Jean Lemire : La grande évasion
Avec Le Dernier Continent, Jean Lemire nous invite à revivre avec lui et l’équipage du Sedna IV leur année et demie passée en Antarctique.
Prenez une douzaine de marins, de scientifiques et de cinéastes, entassez-les dans un voilier et envoyez-les passer 430 jours en Antarctique: telle est la prémisse du plus récent film du réalisateur et biologiste Jean Lemire. Loin du documentaire pédagogique auquel on aurait pu s’attendre, Le Dernier Continent se présente tour à tour comme un drame de moeurs et un film d’aventures.

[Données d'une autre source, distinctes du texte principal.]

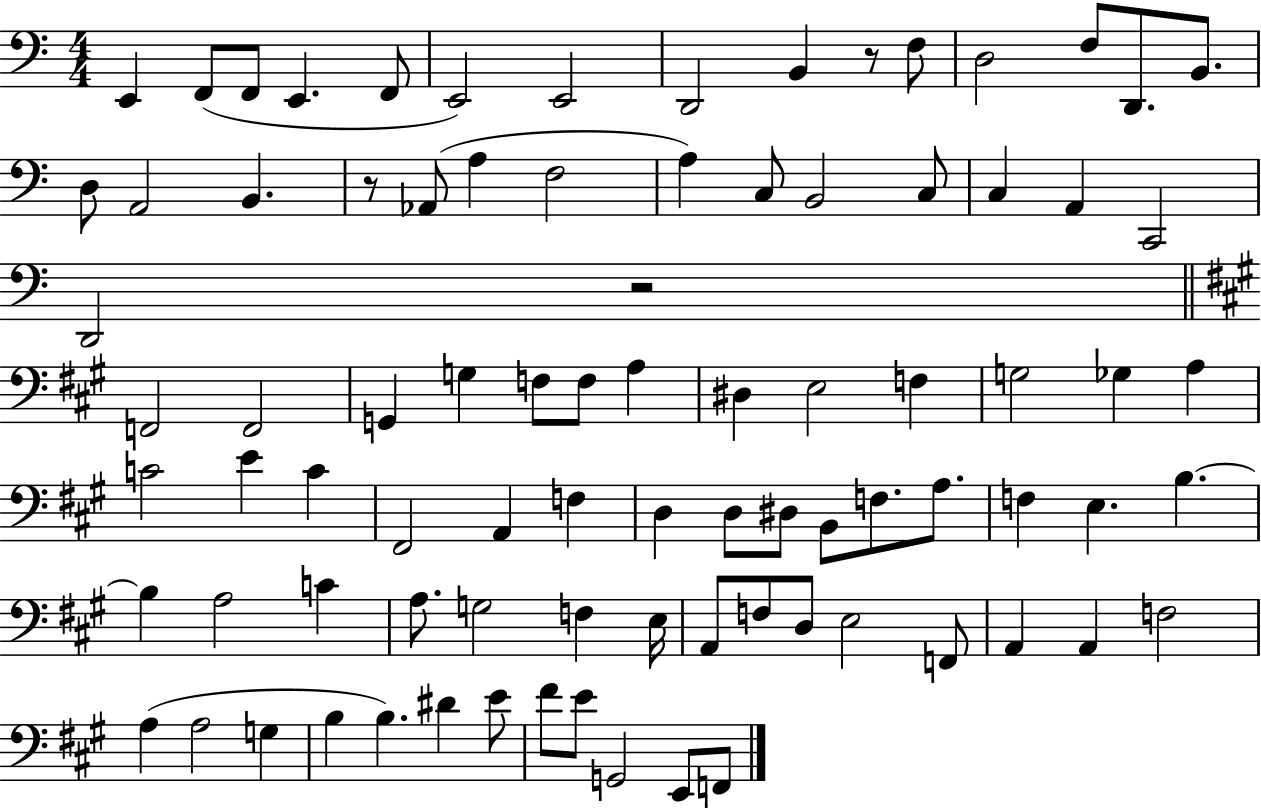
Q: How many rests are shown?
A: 3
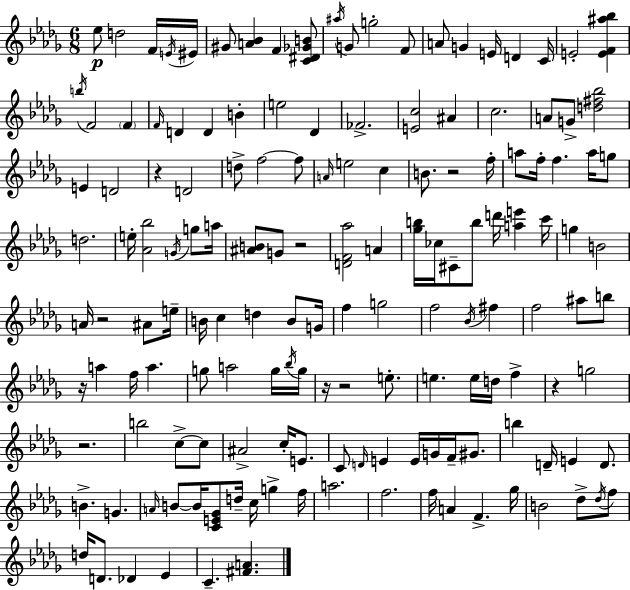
{
  \clef treble
  \numericTimeSignature
  \time 6/8
  \key bes \minor
  \repeat volta 2 { ees''8\p d''2 f'16 \acciaccatura { e'16 } | eis'16 gis'8 <a' bes'>4 f'4 <c' dis' ges' b'>8 | \acciaccatura { ais''16 } g'8 g''2-. | f'8 a'8 g'4 e'16 d'4 | \break c'16 e'2-. <e' f' ais'' bes''>4 | \acciaccatura { b''16 } f'2 \parenthesize f'4 | \grace { f'16 } d'4 d'4 | b'4-. e''2 | \break des'4 fes'2.-> | <e' c''>2 | ais'4 c''2. | a'8 g'8-> <d'' fis'' bes''>2 | \break e'4 d'2 | r4 d'2 | d''8-> f''2~~ | f''8 \grace { a'16 } e''2 | \break c''4 b'8. r2 | f''16-. a''8 f''16-. f''4. | a''16 g''8 d''2. | e''16-. <aes' bes''>2 | \break \acciaccatura { g'16 } g''8 a''16 <ais' b'>8 g'8 r2 | <d' f' aes''>2 | a'4 <ges'' b''>16 ces''16 cis'8-- b''8 | d'''16 <a'' e'''>4 c'''16 g''4 b'2 | \break a'16 r2 | ais'8 e''16-- b'16 c''4 d''4 | b'8 g'16 f''4 g''2 | f''2 | \break \acciaccatura { bes'16 } fis''4 f''2 | ais''8 b''8 r16 a''4 | f''16 a''4. g''8 a''2 | g''16 \acciaccatura { bes''16 } g''16 r16 r2 | \break e''8.-. e''4. | e''16 d''16 f''4-> r4 | g''2 r2. | b''2 | \break c''8->~~ c''8 ais'2-> | c''16-. e'8. c'8 \grace { d'16 } e'4 | e'16 g'16 f'16-- gis'8. b''4 | d'16-- e'4 d'8. b'4.-> | \break g'4. \grace { a'16 } b'8~~ | b'16 <c' e' ges'>8 d''16-- c''16 g''4-> f''16 a''2. | f''2. | f''16 a'4 | \break f'4.-> ges''16 b'2 | des''8-> \acciaccatura { des''16 } f''8 d''16 | d'8. des'4 ees'4 c'4.-- | <fis' a'>4. } \bar "|."
}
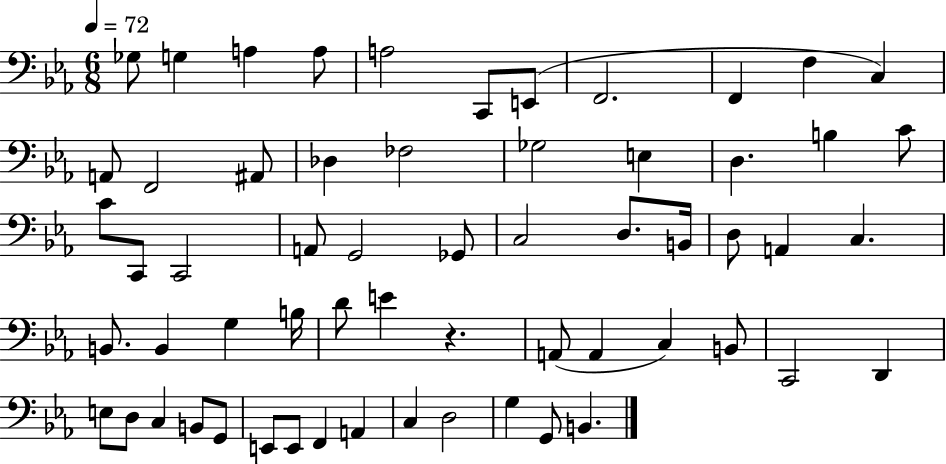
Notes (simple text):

Gb3/e G3/q A3/q A3/e A3/h C2/e E2/e F2/h. F2/q F3/q C3/q A2/e F2/h A#2/e Db3/q FES3/h Gb3/h E3/q D3/q. B3/q C4/e C4/e C2/e C2/h A2/e G2/h Gb2/e C3/h D3/e. B2/s D3/e A2/q C3/q. B2/e. B2/q G3/q B3/s D4/e E4/q R/q. A2/e A2/q C3/q B2/e C2/h D2/q E3/e D3/e C3/q B2/e G2/e E2/e E2/e F2/q A2/q C3/q D3/h G3/q G2/e B2/q.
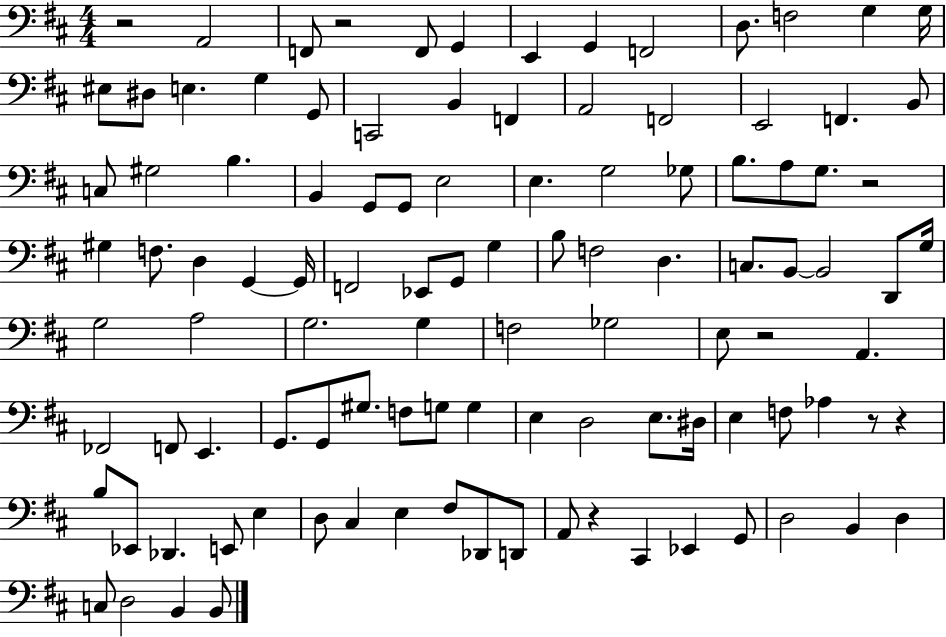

"C’est monté comme une fiction, mais avec du vrai monde, explique Lemire. Avec Michel Grou, le monteur, on a vraiment travaillé une trame dramatique, tout en respectant évidemment ce qu’on avait vécu. C’est très important pour moi d’amener les spectateurs à vivre cette expédition-là, à être touchés et à aimer cette nature qu’on montre si fragile, parce que quand on aime quelque chose, on veut le protéger. Au lieu d’être moralisateur ou d’expliquer les changements climatiques, là, on les vit."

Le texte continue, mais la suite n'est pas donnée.